In Australia the fight is on to increase the minimum age of criminal responsibility to 14 from its current Dickensian age of 10.
Meanwhile, Singapore just hanged a man whose mental age was about 10.
Nagaenthran Dharmalingam, a Malaysian national, was caught entering Singapore in 2009 with 42.72 grams of heroin strapped to his body. Under Singapore’s extremely strict drug trafficking laws, that qualified him for the death penalty. After all appeals had failed and clemency was refused, he was executed.
Dharmalingam’s IQ had been measured at 69. On the IQ scale, 100 marks average intelligence. With an IQ of 69, a person will be in the bottom 2% of the population for intelligence and will be considered to have “mental retardation” as it used to be called, or what we’d now identify as severe intellectual disability.
As a general rule, a person with an IQ of Dharmalingam’s level is likely to have the cognitive reasoning ability of an average child who is aged 10 at most. That is to say he was, in intelligence terms, a child. The likelihood that he had any real idea what he was doing when he tried to carry a tiny package of drugs across the border is negligibly low.
For Singapore’s legal system, none of that mattered, despite protests from every human rights organisation in the world. The courts rejected pleas that Dharmalingam suffered a mental disability, ruling that he met the standard for criminal responsibility and knew what he was doing.
Singapore’s case was laid out in a formal response to an urgent appeal from the United Nations bodies that advocate against arbitrary executions and cruel or inhuman treatment, and for people with disabilities.
Specifically on Dharmalingam’s case, Singapore pointed out that the 42 grams of heroin he was carrying is still almost three times the quantity that triggers the death penalty. Its courts had found he was “of borderline intellectual functioning, but did not suffer from mild intellectual disability”.
International law, Singapore contended, does not prohibit the death penalty. That’s true, mainly because most of the most powerful members of the UN still employ capital punishment. For Singapore, it remains what it considers to be a critical element of its criminal justice infrastructure. That is also true, in the sense that you’d have to have the mental age of a 10-year-old to try to import drugs into that country because you’ll almost certainly get caught and then pretty much definitely be executed. It is well known and, at a pragmatic level, it works.
That doesn’t answer the ethical question of whether capital punishment is ever justified, nor the more nuanced question: if it is, then for whom?
I am squarely in the “no” camp for the death penalty, under all circumstances, because I do not believe that an ethical justification can ever be found for taking another person’s life against their will. Nor, I am pleased to say, do most Australians.
It is different elsewhere. As in America, there is strong public support among Singapore’s population for capital punishment as a general concept (about 70%), but that number falls substantially once people are asked about specific case examples.
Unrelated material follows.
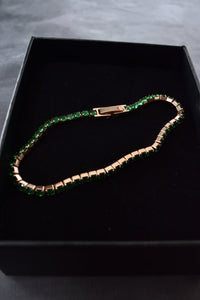 Pulsera tennis oro rosa circones verdes esmeralda acero quirúrgico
The National University of Singapore, which conducted the most recent research, noted: “Singaporeans apparently favoured the death penalty despite admitting that they knew very little about it, were not interested in it and could not give an accurate estimate of the number of persons executed.”
The report’s conclusion was that it is unsafe for the government to continue insisting that it needs to retain the death penalty “because the public supports it”. Studies in the US have produced similar results. It’s all unsurprising: “tough on crime” sentiment is always many times stronger in the abstract than when its real-life consequences come into focus.
On the more granular question — if we execute people, where should the line be drawn — Singapore would say that its stance is consistent with human rights protections. It does not execute juveniles, or people with mental disability. It’s just that Dharmalingam didn’t meet that test.
For me, the fact that one has to even ask such a question is grotesque. Dharmalingam was, in theory, one expert report away from being allowed to live.
The history books overflow with case studies of children, and adults with children’s brains, who were put to death for crimes they either didn’t commit or couldn’t understand. Drawing lines, on one side of which is the extinguishment of life, is beyond human capacity and should be beyond our presumption of right.
I expect that Dharmalingam’s tragic death will have one positive effect, in that it will be cited from now on as proof of the ethical point which, I hope, will one day motivate Singapore to abolish capital punishment.